De modo que me he visto obligado a buscarme una nueva peluquería. Hoy he dado con ella; y no tiene nada que ver con la antigua. Por desgracia.

Mi nueva referencia en materias pilíferas ha resultado ser un local moderno, abierto hace apenas un par de meses, aunque, por algún motivo que no termino de entender, está decorado como si llevara en el barrio desde los tiempos en los que Carlos III era guardia urbano, pese a que el barrio, por aquella época, no era más que un mosaico de bancales, secarrales y huertas estériles.

Dentro del local hay dos motocicletas clásicas americanas – una Harley-Davidson y una Indian Motocycles, ambas fabricadas en Corea -, cuatro sillones con forma de montura de caballo, cinco guitarras eléctricas, carteles de neones, pantallas de televisión, tres ordenadores, un coche antiguo, dos lavadoras manuales, un toro mecánico y una estantería para guardar frascos y ungüentos como el que tenía mi abuela cuando era enfermera, allá por los felices años veinte.

Lamentablemente, con tanto ornamento, no cabe lugar para que barberos y clientes puedan entrar en el local, así que te atienden en plena calle. Cuando llueve está bien, porque, según me han explicado, te descuentan el lavado del pelo, pero los días que aprieta el sol, la bata anti-pelos podría llegar a resultar sofocante, especialmente porque está hecha con tela vaquera.

Mi nueva experiencia no podría haber sido más desalentadora. En cuanto llegué, un tipo inquietante se acercó a mí con aspecto amenazador. Resultó ser el peluquero. Por lo que pude deducir de su atuendo, el individuo es de origen zulú, pese a lucir una piel más blanca que el culo de un astronauta en enero. Pero a mí no me engaña; la argolla que le cuelga de la nariz, las dos dilataciones de sus orejas, por cuyo diámetro podría colarse con cierta holgura un balón de baloncesto, y el pelo, rapado por los laterales y con una cresta morada que surca su testa de proa a popa, delatan su origen centroafricano.
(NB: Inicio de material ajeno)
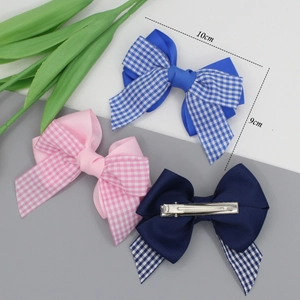 Trois barrettes à nœuds à carreaux roses et bleus avec pinces crocodiles en métal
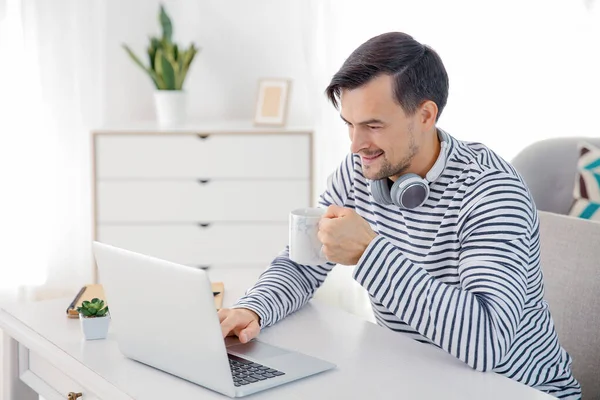 잘생긴 남자 집에서 노트북에서 작업 하는 동안 마시는 커피 — 스톡 사진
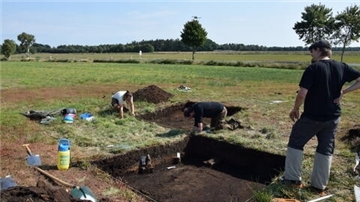 Archäologen bei Freilegungsarbeiten zweier Quadranten einer Abfallgrube in Sandbostel.  
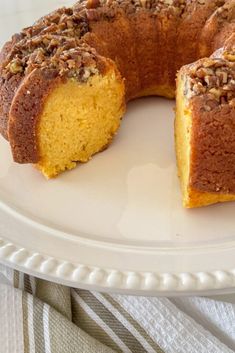 a bundt cake on a plate with one slice cut out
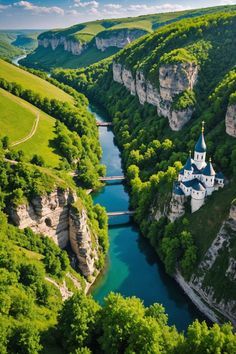 an aerial view of a castle in the middle of a river surrounded by green hills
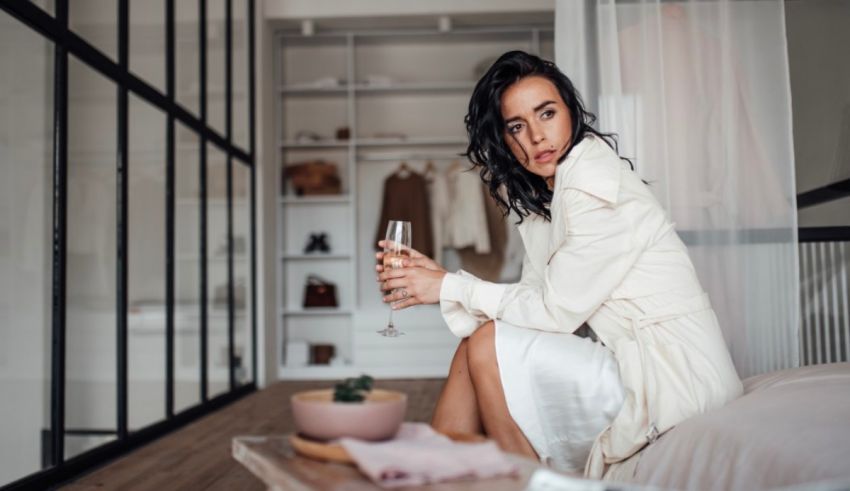 A woman is sitting on a bed holding a glass of wine.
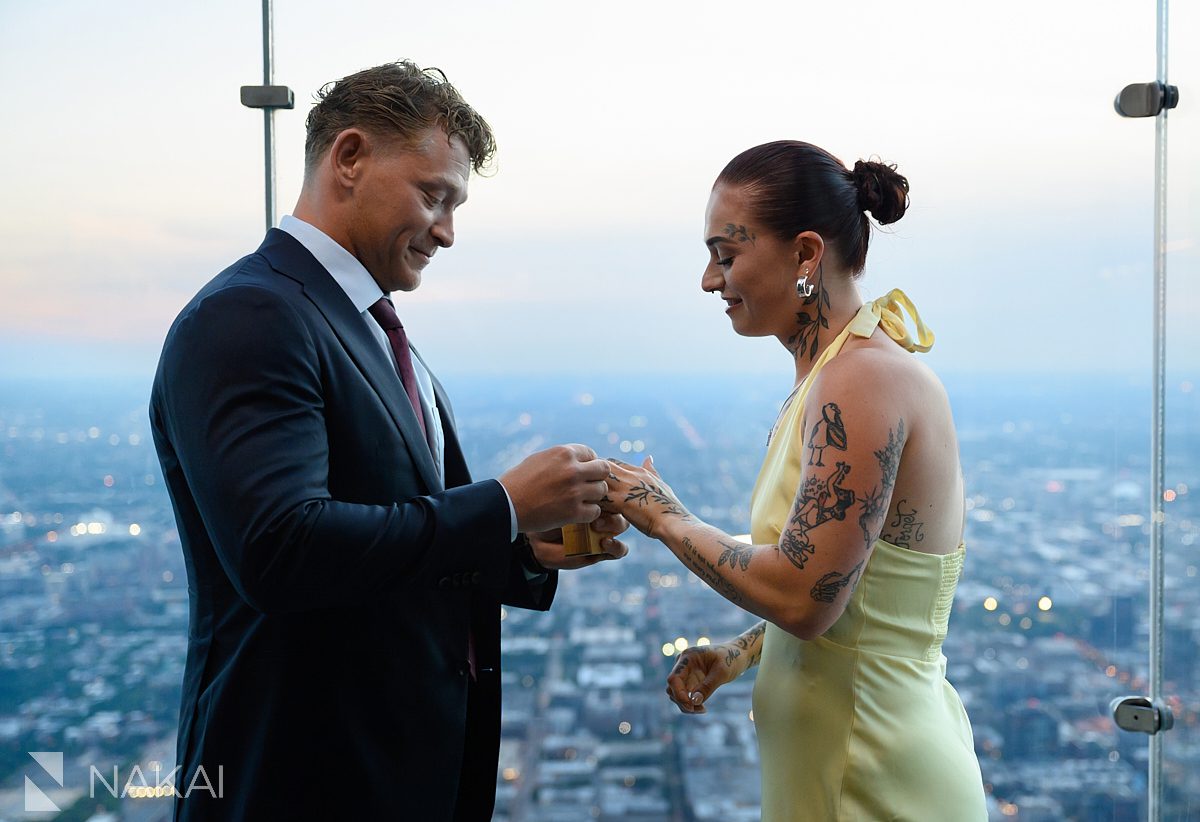 putting ring on finger chicago skydeck proposal willis tower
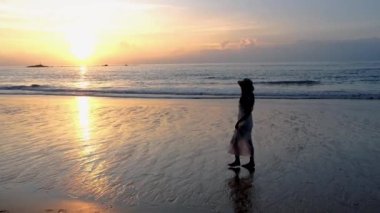 Taylandlı kadınlar Khao Lak Tayland 'da gün batımında sahilde yürürler.. 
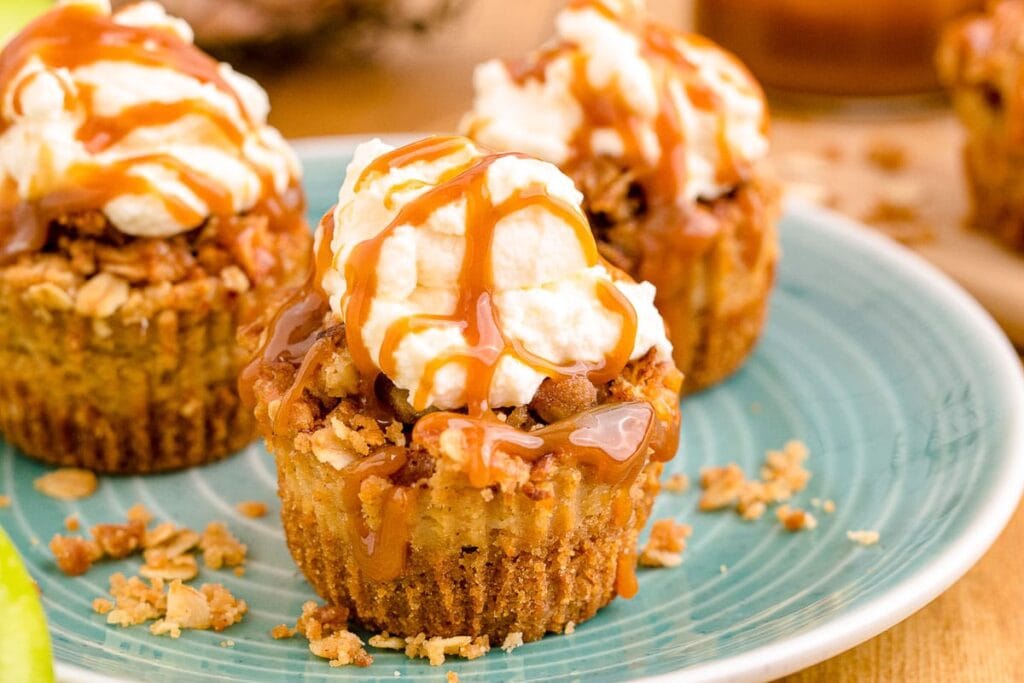 mini apple cheesecakes on blue plate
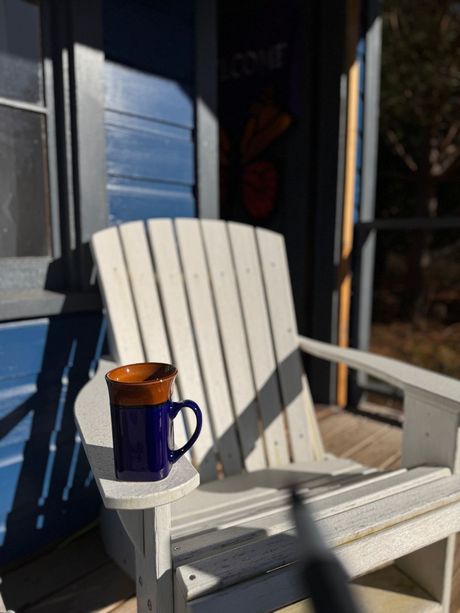 A white chair with a blue mug on the arm rest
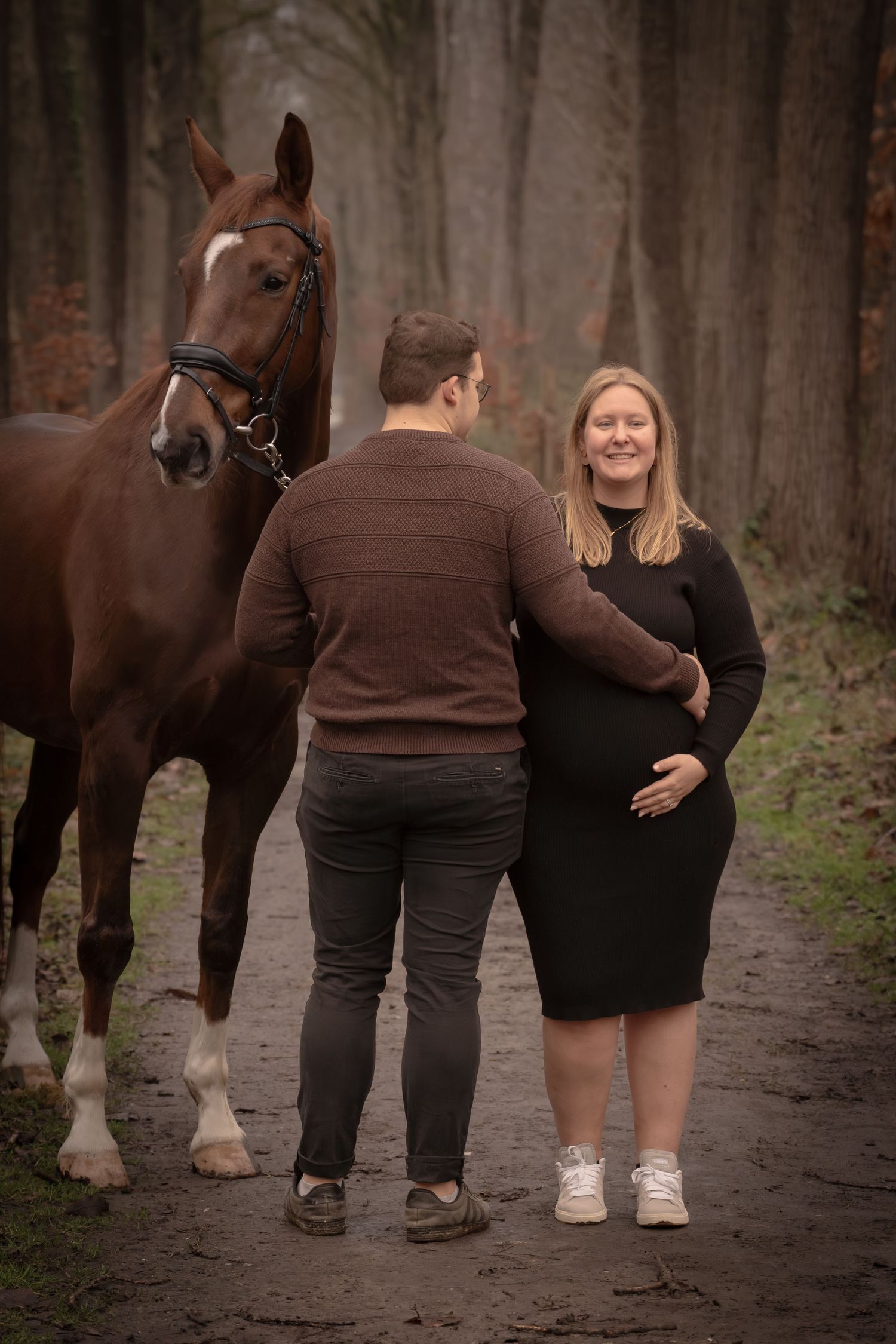 A couple stands together on a forest path with their beautiful bay horse on an autumn day.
He visto individuos semejantes en los documentales étnicos que National Geographic emite a la hora de la sobremesa para ayudar a su audiencia a dormir plácidas siestas.

Mi nuevo barbero me dio la bienvenida con un abrazo y un beso en ambas mejillas, mientras se deshacía en milongas con un acento que bien podría proceder del cono sur americano, de algún país perdido ex-miembro del Pacto de Varsovia o del castizo barrio de Lavapies. Finalizados los parabienes de la recepción, quiso saber si había hecho reserva previa por Internet. Lo miré atónito antes de explicarle – por gestos – que no acostumbro a usar las nuevas tecnologías, con la excepción del Telex que tengo en casa, el cuál no ha recibido comunicado alguno desde el pasado cambio de siglo.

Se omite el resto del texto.